<<<<

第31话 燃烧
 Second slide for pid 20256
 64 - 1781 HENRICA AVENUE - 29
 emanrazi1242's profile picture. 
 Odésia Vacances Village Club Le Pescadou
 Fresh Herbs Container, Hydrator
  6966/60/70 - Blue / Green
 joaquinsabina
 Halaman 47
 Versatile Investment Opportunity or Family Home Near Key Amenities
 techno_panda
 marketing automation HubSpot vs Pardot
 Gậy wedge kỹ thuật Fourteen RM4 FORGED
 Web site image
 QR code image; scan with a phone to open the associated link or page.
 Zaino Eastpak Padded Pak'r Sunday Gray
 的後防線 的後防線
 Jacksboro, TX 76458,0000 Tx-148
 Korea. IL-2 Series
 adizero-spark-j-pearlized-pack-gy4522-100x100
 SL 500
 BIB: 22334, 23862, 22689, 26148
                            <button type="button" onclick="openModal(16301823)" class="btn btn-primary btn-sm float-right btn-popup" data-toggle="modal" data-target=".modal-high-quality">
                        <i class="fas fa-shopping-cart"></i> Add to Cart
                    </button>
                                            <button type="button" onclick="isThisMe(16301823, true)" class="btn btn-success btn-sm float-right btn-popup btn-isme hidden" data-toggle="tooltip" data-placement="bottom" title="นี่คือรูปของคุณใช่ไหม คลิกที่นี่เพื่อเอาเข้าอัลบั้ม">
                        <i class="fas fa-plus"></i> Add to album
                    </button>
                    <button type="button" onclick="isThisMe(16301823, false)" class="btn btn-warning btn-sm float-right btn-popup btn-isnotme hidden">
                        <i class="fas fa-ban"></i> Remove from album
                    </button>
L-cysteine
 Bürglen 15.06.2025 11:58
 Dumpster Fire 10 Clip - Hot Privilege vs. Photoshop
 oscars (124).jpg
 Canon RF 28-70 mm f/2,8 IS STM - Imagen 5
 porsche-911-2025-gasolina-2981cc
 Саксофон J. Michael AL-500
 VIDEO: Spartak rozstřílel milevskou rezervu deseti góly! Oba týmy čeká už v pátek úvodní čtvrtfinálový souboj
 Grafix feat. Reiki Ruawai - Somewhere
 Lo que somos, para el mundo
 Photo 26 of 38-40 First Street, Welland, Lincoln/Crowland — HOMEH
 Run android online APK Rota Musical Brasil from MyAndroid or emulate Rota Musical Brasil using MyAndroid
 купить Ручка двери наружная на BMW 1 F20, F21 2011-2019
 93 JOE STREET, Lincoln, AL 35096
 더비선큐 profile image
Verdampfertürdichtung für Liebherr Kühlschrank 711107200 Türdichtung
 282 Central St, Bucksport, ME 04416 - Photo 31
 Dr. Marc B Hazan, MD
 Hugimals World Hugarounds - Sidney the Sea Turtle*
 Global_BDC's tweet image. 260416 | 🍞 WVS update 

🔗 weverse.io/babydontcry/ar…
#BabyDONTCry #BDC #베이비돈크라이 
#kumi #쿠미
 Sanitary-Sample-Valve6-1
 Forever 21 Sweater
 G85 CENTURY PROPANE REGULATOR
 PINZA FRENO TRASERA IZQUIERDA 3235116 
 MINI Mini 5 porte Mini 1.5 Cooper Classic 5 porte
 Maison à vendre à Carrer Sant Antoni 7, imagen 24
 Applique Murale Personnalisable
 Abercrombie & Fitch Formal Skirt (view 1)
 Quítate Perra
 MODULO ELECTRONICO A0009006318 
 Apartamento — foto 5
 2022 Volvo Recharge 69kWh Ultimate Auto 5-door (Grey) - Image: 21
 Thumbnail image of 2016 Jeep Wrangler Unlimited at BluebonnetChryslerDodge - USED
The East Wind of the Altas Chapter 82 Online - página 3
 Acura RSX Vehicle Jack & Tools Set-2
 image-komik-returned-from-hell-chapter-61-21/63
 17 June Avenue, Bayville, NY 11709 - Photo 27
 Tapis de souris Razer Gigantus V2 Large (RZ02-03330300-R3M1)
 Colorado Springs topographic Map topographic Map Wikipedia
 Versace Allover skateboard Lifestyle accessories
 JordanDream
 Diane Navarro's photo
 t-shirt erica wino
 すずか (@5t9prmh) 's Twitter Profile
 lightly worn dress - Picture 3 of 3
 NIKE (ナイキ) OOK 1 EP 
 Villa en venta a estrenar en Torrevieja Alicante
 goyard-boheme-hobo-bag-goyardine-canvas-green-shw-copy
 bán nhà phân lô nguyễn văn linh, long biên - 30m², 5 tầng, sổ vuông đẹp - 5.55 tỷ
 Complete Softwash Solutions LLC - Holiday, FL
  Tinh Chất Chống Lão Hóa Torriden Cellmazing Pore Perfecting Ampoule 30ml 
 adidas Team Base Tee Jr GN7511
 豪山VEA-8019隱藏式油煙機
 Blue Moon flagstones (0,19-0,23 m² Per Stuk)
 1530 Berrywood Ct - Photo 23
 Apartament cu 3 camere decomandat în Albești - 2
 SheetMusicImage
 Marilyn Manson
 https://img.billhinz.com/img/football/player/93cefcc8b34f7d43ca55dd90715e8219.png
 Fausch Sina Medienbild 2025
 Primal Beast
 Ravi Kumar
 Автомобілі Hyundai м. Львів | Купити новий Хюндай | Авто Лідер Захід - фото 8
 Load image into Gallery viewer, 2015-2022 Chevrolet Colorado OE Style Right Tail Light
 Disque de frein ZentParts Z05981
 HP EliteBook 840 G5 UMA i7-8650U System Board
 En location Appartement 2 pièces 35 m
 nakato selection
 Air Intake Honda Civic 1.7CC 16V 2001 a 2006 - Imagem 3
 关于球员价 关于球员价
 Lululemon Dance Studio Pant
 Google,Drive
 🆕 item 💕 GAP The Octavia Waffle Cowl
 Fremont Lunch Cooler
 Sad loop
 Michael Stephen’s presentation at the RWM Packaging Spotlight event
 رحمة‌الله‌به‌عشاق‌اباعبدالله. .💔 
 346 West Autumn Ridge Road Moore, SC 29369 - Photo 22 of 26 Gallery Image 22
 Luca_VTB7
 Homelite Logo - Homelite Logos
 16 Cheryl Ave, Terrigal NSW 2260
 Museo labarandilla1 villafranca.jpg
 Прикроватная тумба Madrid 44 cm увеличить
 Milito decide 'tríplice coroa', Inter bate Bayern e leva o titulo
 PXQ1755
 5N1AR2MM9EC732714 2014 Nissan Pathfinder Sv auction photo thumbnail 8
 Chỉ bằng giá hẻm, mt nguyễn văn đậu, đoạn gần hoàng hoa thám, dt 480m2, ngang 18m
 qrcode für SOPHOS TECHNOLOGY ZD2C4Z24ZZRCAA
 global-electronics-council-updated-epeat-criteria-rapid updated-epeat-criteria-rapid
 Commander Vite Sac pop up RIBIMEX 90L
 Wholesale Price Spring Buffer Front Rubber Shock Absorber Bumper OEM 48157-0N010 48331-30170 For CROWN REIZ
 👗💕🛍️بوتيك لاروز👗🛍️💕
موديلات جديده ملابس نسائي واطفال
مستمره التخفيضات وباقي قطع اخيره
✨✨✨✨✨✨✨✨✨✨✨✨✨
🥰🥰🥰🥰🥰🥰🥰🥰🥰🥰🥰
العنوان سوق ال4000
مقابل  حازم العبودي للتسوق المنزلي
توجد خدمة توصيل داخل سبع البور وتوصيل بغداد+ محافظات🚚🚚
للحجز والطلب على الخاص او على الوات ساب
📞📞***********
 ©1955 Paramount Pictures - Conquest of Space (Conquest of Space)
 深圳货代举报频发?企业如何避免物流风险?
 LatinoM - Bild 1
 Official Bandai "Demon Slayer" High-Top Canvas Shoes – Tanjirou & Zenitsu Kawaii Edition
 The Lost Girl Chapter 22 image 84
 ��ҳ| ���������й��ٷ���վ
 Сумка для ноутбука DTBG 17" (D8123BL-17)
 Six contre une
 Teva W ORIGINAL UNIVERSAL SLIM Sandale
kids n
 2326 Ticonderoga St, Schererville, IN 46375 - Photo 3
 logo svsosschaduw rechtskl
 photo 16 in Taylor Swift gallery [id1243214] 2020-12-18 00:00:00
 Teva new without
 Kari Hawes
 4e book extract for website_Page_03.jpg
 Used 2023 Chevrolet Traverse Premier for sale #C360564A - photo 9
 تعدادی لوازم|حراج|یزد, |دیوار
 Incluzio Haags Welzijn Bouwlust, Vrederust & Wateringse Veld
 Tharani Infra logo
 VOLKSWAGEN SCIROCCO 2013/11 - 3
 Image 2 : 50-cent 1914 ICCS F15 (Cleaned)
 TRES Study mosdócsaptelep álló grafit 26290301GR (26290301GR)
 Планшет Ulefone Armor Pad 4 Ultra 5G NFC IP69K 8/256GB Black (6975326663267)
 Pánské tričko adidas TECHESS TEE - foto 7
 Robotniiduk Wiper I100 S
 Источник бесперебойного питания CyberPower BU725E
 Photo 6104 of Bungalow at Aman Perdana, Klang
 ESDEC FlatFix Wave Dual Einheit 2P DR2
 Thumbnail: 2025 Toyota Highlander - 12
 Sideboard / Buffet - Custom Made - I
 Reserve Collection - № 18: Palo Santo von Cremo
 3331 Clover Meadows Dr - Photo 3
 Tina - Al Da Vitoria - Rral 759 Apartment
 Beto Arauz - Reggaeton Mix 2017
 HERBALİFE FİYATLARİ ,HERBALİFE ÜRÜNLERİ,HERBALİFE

>>>>

EXERCISE OBJECTIVE: Using the material above, copy every line in which the string "Michael" occurs.

RESULT BELOW:
 Саксофон J. Michael AL-500
 Michael Stephen’s presentation at the RWM Packaging Spotlight event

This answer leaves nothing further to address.